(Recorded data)
###

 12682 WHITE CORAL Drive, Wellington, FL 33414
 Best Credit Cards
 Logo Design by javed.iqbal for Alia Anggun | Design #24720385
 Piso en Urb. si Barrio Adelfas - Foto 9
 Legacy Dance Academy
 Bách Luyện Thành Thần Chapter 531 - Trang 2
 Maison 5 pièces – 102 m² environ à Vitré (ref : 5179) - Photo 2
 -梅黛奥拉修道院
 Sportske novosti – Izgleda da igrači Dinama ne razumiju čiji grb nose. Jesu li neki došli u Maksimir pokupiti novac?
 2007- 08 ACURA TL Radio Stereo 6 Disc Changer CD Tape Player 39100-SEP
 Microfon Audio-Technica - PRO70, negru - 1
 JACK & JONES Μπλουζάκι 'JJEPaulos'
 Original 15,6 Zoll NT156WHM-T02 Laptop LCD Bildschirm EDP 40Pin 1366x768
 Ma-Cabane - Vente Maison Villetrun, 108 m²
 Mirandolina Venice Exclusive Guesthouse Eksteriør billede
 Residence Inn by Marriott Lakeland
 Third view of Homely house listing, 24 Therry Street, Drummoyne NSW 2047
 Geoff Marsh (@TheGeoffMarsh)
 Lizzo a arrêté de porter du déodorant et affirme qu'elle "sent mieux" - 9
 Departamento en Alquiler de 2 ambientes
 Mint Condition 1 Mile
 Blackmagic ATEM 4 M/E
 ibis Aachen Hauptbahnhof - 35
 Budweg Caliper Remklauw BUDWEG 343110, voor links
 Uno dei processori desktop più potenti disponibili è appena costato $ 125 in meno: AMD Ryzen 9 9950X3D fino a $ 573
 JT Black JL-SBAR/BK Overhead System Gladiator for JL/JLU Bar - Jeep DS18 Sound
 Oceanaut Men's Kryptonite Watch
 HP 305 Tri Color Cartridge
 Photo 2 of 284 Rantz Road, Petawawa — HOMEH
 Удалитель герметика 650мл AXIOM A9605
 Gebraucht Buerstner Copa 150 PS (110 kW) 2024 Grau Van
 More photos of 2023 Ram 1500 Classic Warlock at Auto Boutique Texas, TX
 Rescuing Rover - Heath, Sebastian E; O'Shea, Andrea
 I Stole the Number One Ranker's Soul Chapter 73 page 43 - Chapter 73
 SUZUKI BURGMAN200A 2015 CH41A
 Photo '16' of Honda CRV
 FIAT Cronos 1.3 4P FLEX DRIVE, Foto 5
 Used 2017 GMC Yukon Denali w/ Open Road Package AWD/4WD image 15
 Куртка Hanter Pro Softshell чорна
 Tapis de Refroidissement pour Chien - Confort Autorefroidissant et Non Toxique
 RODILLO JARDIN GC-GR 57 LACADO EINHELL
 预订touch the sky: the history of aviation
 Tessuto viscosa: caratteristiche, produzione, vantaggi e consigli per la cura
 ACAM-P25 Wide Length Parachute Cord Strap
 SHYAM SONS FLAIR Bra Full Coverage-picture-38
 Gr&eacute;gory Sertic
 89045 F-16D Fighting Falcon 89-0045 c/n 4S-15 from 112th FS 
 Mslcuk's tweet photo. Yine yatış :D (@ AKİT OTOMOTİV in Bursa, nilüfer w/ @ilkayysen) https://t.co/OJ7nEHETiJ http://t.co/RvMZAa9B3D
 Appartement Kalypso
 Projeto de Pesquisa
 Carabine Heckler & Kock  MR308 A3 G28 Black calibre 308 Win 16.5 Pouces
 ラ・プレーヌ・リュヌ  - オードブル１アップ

###

YOUR INSTRUCTIONS:
Reproduce, exactly as they stand in the data above, the lines from the one that holds "2007- 08 ACURA" to the one that holds "Original 15,6 Zoll", inclusive.

PROBLEM SOLUTION:
 2007- 08 ACURA TL Radio Stereo 6 Disc Changer CD Tape Player 39100-SEP
 Microfon Audio-Technica - PRO70, negru - 1
 JACK & JONES Μπλουζάκι 'JJEPaulos'
 Original 15,6 Zoll NT156WHM-T02 Laptop LCD Bildschirm EDP 40Pin 1366x768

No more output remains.